In [9]:
import ssl
ssl._create_default_https_context = ssl._create_unverified_context

from math import pi
import numpy as np
import pandas as pd

import matplotlib.pyplot as plt
import matplotlib.ticker as ticker

import seaborn as sns
sns.set_theme(style="white", context="talk")

import iqplot
import bokeh.io
from bokeh.layouts import column, gridplot
from bokeh.models import ColorBar, ColorMapper, LinearColorMapper, Ticker
bokeh.io.output_notebook()

import sgd_utils as sgd

In [10]:
def load_data(f_data, f_movies):
    """Load the user and movie data, FZL modified"""
    data = pd.read_csv(
        "https://raw.githubusercontent.com/lakigigar/Caltech-CS155-2021/main/projects/project2/data/"+f_data,
        sep="\t",
        header=None,
        names=["USER", "MOVIE", "RATING"],
    )
    movies = pd.read_csv(
        "https://raw.githubusercontent.com/lakigigar/Caltech-CS155-2021/main/projects/project2/data/"+f_movies,
        encoding="latin-1",
        sep="\t",
        header=None,
        names=[
            "MOVIE_ID",
            "TITLE",
            "UNKNOWN",
            "ACTION",
            "ADVENTURE",
            "ANIMATION",
            "CHILDREN",
            "COMEDY",
            "CRIME",
            "DOCUMENTARY",
            "DRAMA",
            "FANTASY",
            "FILM-NOIR",
            "HORROR",
            "MUSICAL",
            "MYSTERY",
            "ROMANCE",
            "SCI-FI",
            "THRILLER",
            "WAR",
            "WESTERN",
        ],
    )

    movies.loc[movies.TITLE == "unknown", "TITLE"] = "MOVIE_ID: " + movies.loc[
        movies.TITLE == "unknown", "MOVIE_ID"
    ].astype("str")

    return data, movies

In [11]:
data, movies = load_data(f_data="data.txt", f_movies="movies.txt")

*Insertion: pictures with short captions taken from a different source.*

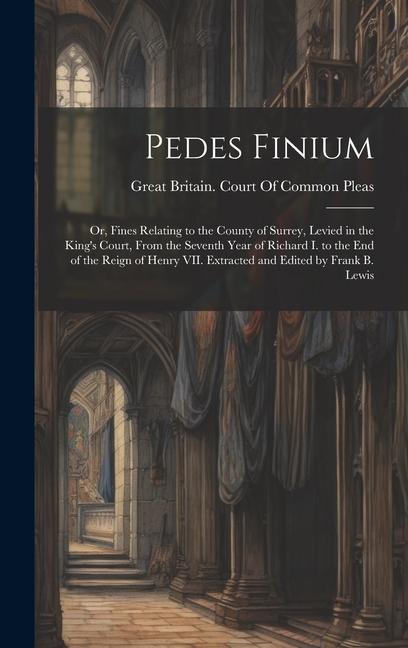 Vorderes Coverbild Pedes Finium; or, Fines Relating to the County of Surrey, Levied in the King's Court, From the Seventh Year of Richard I. to the end of the Reign of H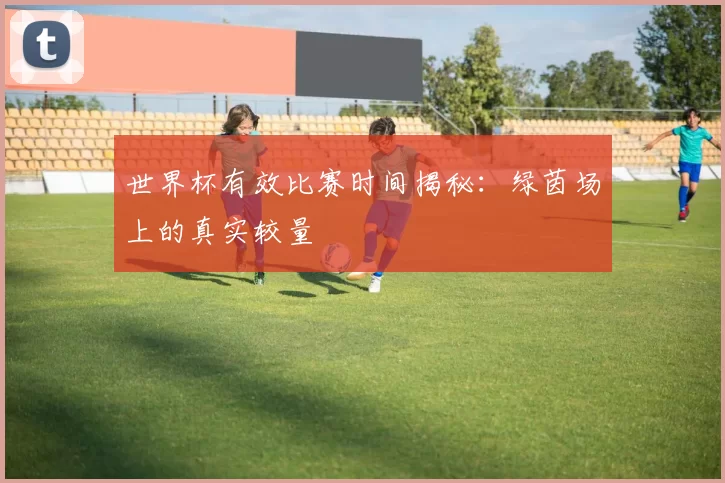 世界杯有效比赛时间揭秘：绿茵场上的真实较量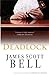 Deadlock by James Scott Bell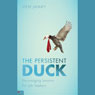 The Persistent Duck: Encouraging Lessons for Job Seekers
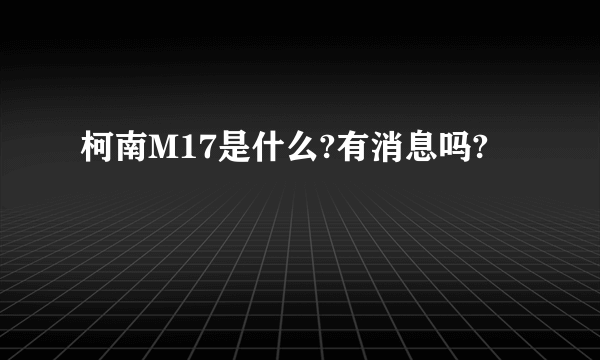 柯南M17是什么?有消息吗?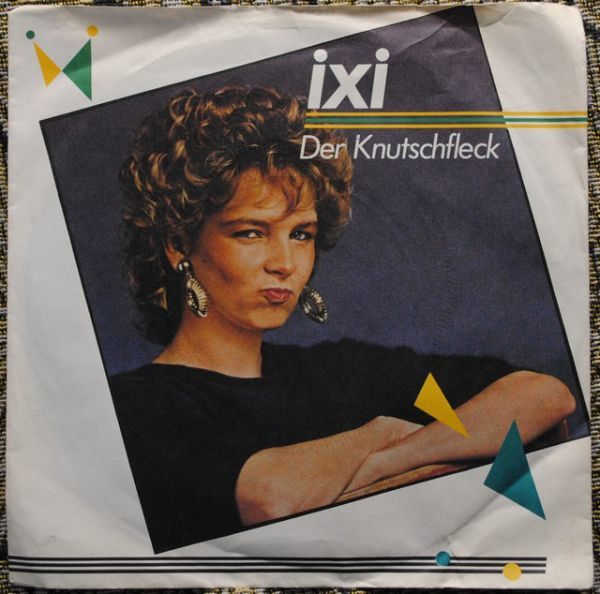 Ixi ‎– Der Knutschfleck 7"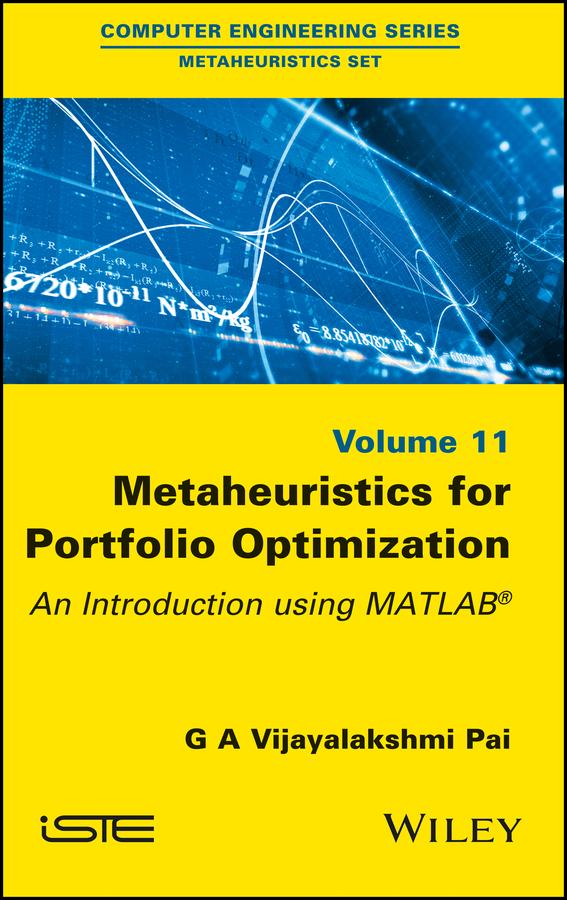 Metaheuristics for Portfolio Optimization by G. A. Vijayalakshmi Pai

## Matrix Factorization visualizations
### Method 1: HW5 solution

In [15]:
Y_train_df = data.head(90000)
Y_train = Y_train_df.to_numpy() # to be changed later to take train.txt and test.txt, for now I just split data.txt

Y_test_df = data.tail(10000)
Y_test = Y_test_df.to_numpy()

In [18]:
M = max(max(Y_train[:,0]), max(Y_test[:,0])).astype(int) # users
N = max(max(Y_train[:,1]), max(Y_test[:,1])).astype(int) # movies
print("Factorizing with ", M, " users, ", N, " movies.")
Ks = 20

reg = 0.0
eta = 0.03 # learning rate
E_in = []
E_out = []

# Use to compute Ein and Eout
U, V, err_training = sgd.train_model(M, N, Ks, eta, reg, Y_train)
print('Err training', err_training)
print('Err testing', sgd.get_err(U, V, Y_test))
print('dim U [m x k]', U.shape)
print('dim V [k x n]', V.shape)


Factorizing with  943  users,  1682  movies.
Epoch 1, E_in (regularized MSE): 0.527156677352
Epoch 2, E_in (regularized MSE): 0.40205063537061975
Epoch 3, E_in (regularized MSE): 0.3571268833806738
Epoch 4, E_in (regularized MSE): 0.33233207737225656
Epoch 5, E_in (regularized MSE): 0.31100694674253787
Epoch 6, E_in (regularized MSE): 0.2995225167684944
Epoch 7, E_in (regularized MSE): 0.28553281585476087
Epoch 8, E_in (regularized MSE): 0.27881018606212976
Epoch 9, E_in (regularized MSE): 0.2709466244109805
Epoch 10, E_in (regularized MSE): 0.2662403635549109
Epoch 11, E_in (regularized MSE): 0.2604885132437713
Epoch 12, E_in (regularized MSE): 0.25842116333586573
Epoch 13, E_in (regularized MSE): 0.25895229025770805
Err training 0.25895229025770805
Err testing 0.6658982425144363
dim U [m x k] (943, 20)
dim V [k x n] (20, 1682)


In [28]:
## SVD

A, sigma, B = np.linalg.svd(V,  full_matrices=False)
A_two_cols = A[:,0:2]
print(A_two_cols.shape)

U_proj = A_two_cols.transpose()@U_T
V_proj = A_two_cols.transpose()@V

print(U_proj.shape)
print(V_proj.shape)

(20, 2)
(2, 943)
(2, 1682)


In [None]:
print(V_proj)
print(data.head())

### Method 2: Incorporate a and b for each user and move to model global tendencies of the various moves and users

### Method 3: off-the-shelf implementation 

In [None]:
from surprise import SVD, Reader
from surprise import Dataset
from surprise.model_selection import cross_validate
from sklearn.model_selection import train_test_split
from sklearn.model_selection import GridSearchCV
import sklearn

In [None]:
reader = Reader(rating_scale=(0,5))
dataset_train = Dataset.load_from_df(Y_train_df, reader)
dataset_test = Dataset.load_from_df(Y_test_df, reader)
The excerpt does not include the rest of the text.